Copy only what lies from the line containing "Photo 11 of this TOYOTA 4RUNNER" through the line containing "12628 Hereford Ave — Photo 9" in the entries below, keeping both end lines exact and dropping every picture.

• Given data:
------------------------------------------------------------------------

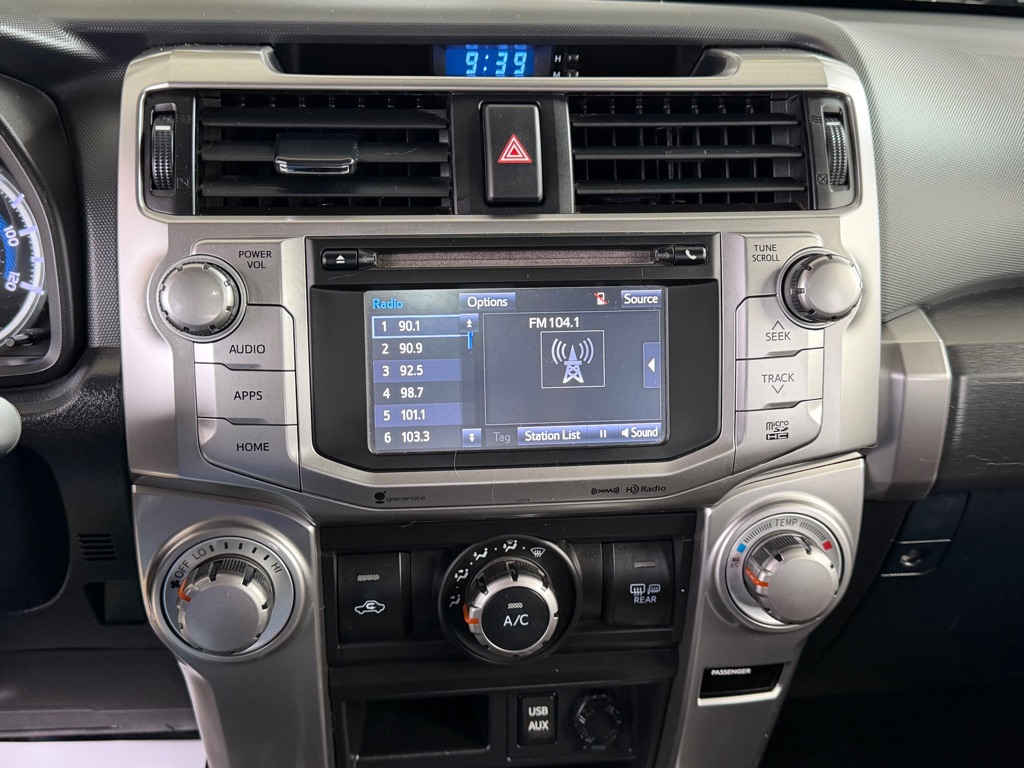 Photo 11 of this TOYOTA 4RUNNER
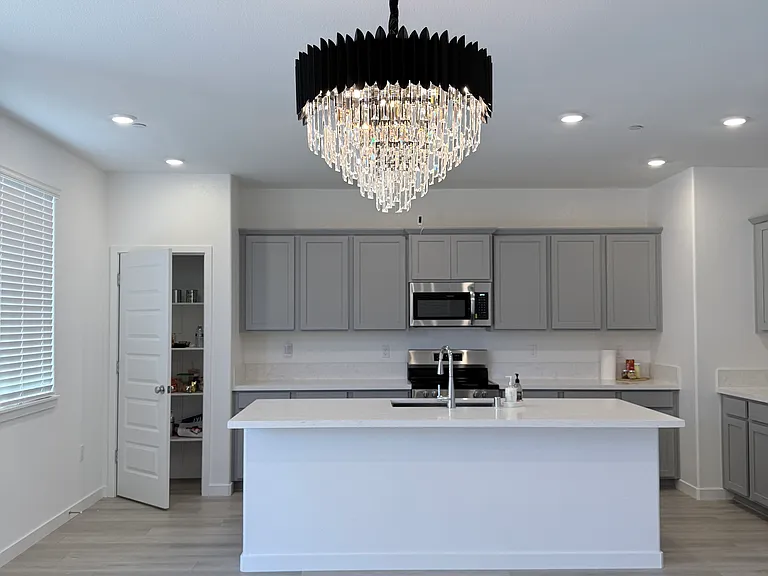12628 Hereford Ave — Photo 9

------------------------------------------------------------------------

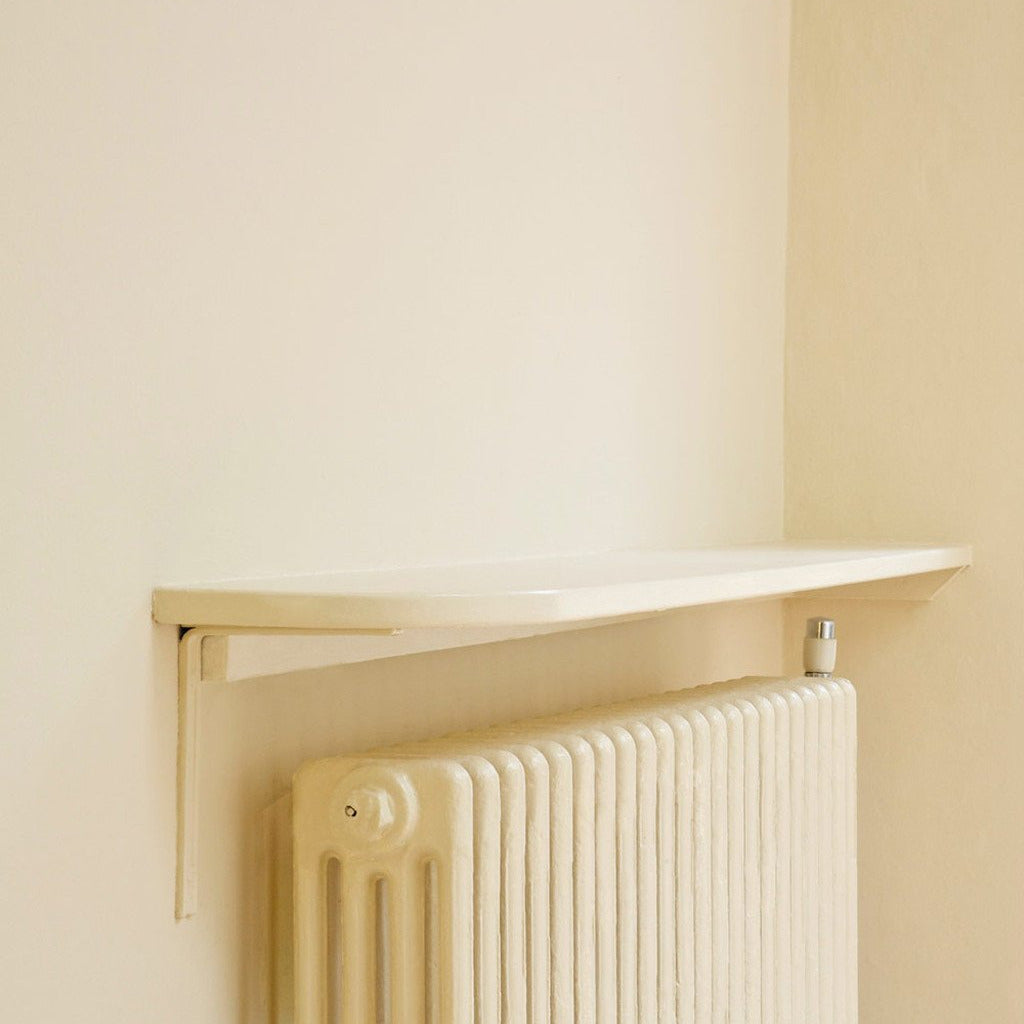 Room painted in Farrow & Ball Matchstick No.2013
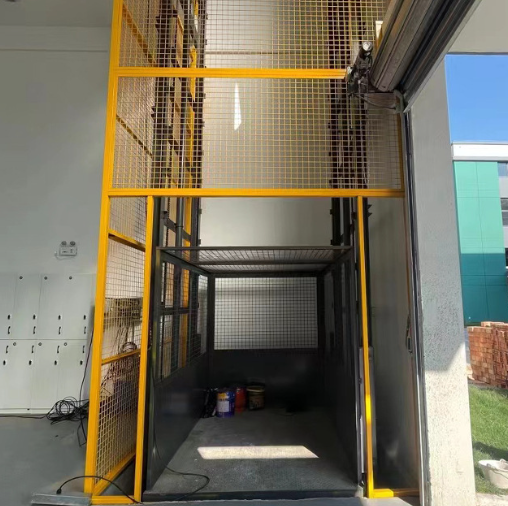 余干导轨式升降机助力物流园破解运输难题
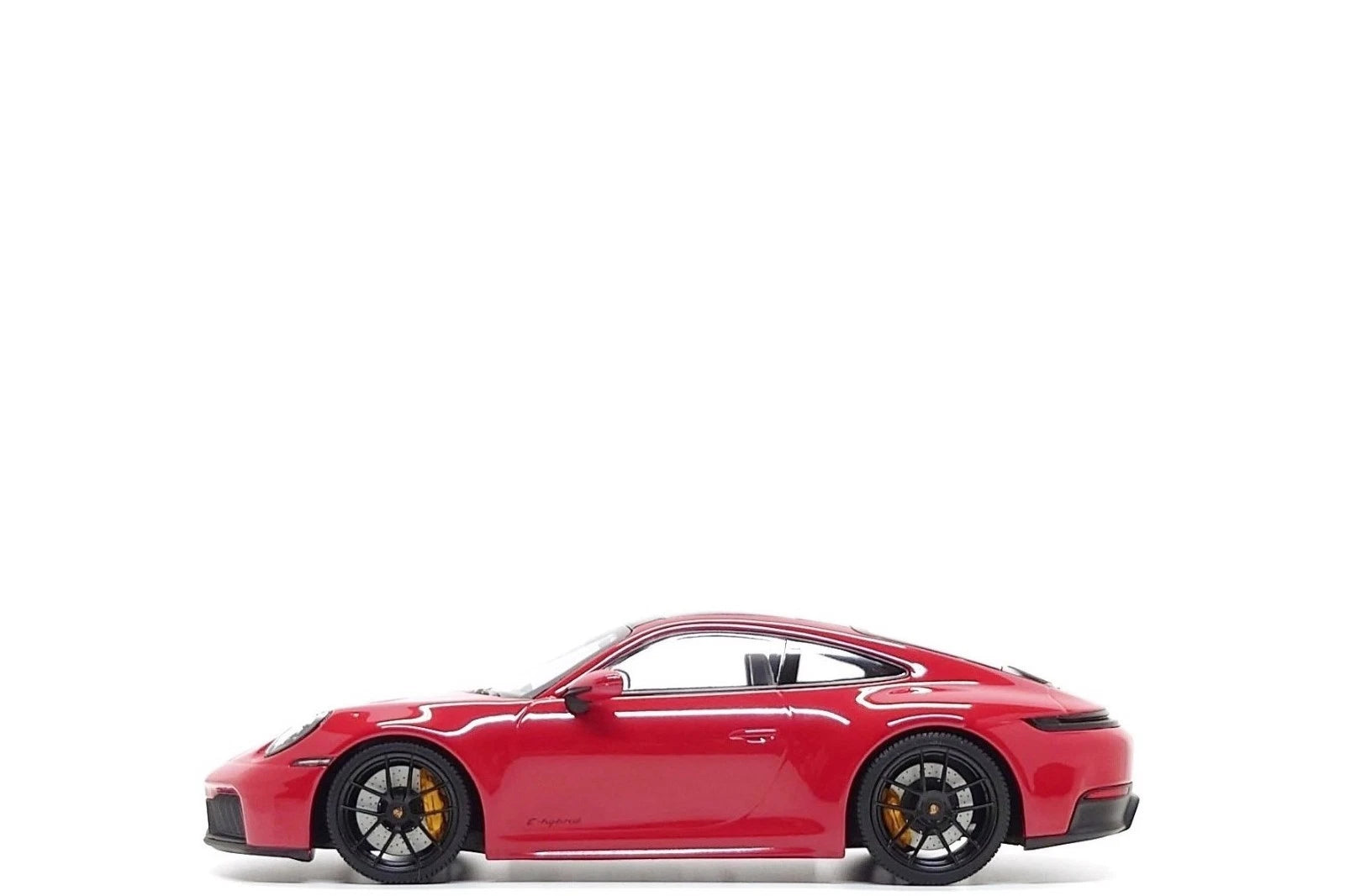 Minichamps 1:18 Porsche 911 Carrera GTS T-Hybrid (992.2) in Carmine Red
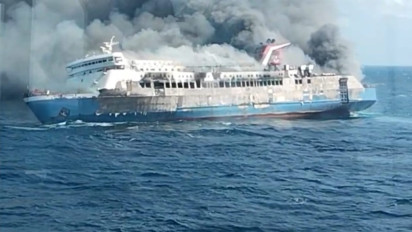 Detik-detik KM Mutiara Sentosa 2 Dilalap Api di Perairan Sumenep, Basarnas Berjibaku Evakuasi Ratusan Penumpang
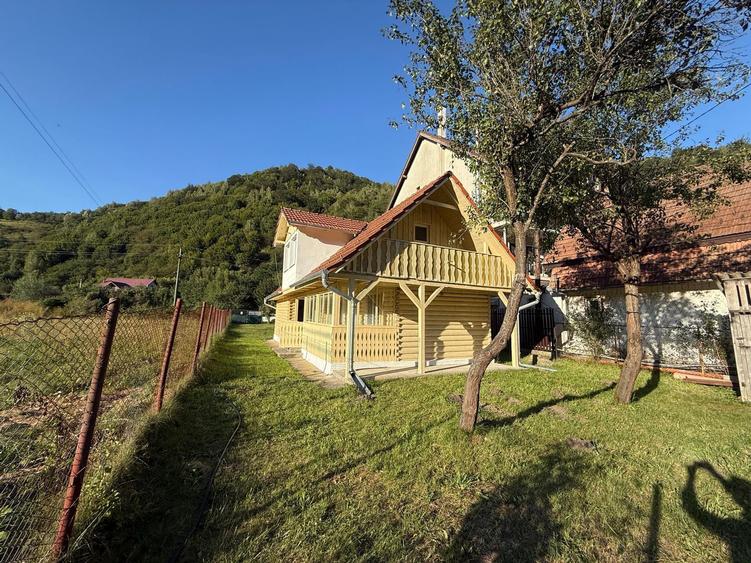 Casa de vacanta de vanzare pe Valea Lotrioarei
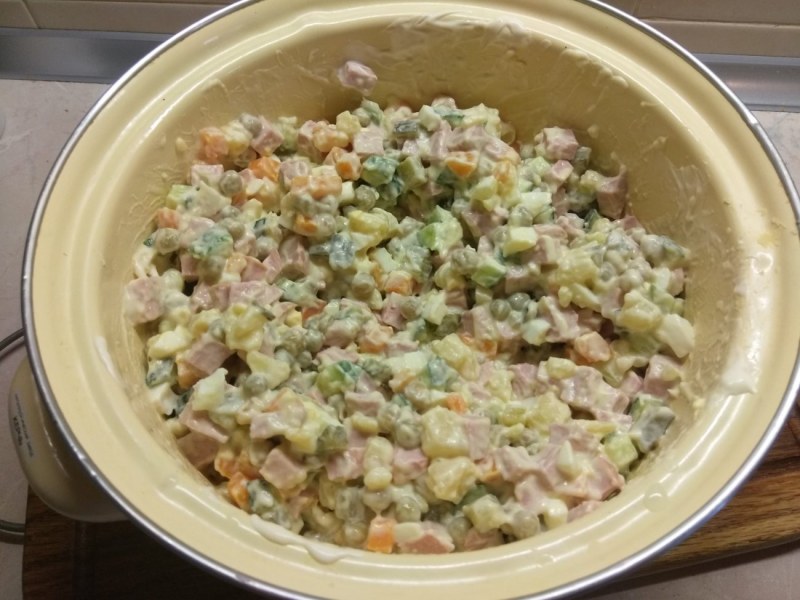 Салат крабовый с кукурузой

------------------------------------------------------------------------

• Response area:
 Photo 11 of this TOYOTA 4RUNNER
12628 Hereford Ave — Photo 9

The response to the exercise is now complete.